Table 2 Situational anxiety (STAIS-S) means, standard deviations and confidence intervals for the two study groups

Discussion

This is the first study that has deliberately tested for the immediate negative effects of asking adult patients about their dental anxiety at the time when they will be entering the dental surgery for their appointment. This brief study has confirmed that the adoption of a self-reported brief questionnaire to assess dental anxiety immediately prior to entering the dental surgery did not significantly increase the patient's anxiety. When the sample was restricted to those who reported less regular attendance the same result was found. As patients who are irregular attendees report higher levels of dental anxiety, this would suggest that the finding of this study may be robust across a range of dental anxiety levels. The result supports previous work that the introduction of a brief self-report tool to assess dental anxiety has no measurable short term deleterious effects on patients.4,5 Previous studies have tended to assess the effect on the patient's post-treatment anxiety or pain perception level. An interesting extension of this work has been the introduction of a dental anxiety questionnaire into the clinical case management of dental patients.15 The patient handing to their dentist their completed dental anxiety questionnaire appeared to have a significant benefit on state anxiety levels when leaving the surgery. The study had not however rated the state anxiety prior to entry into the surgery – an omission which this present investigation has addressed.
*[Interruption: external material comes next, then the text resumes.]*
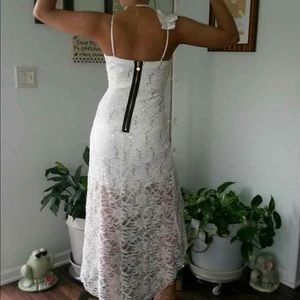 White high low dress with a lace overlay.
The level of participation was high in the study although of those who refused there was an over-representation of older people. The study is limited to patients residing in a region of Northern Ireland. Nevertheless, the study sample compared well to other groups, as demonstrated by the mean dental anxiety level (10.7) being comparable to the norm for general practice UK attendees (mean = 10.8).9

Therefore the recommendation of this brief report is that formal assessment of dental anxiety prior to treatment can be used with confidence as an adjunct to the treatment of adult patients attending general practice.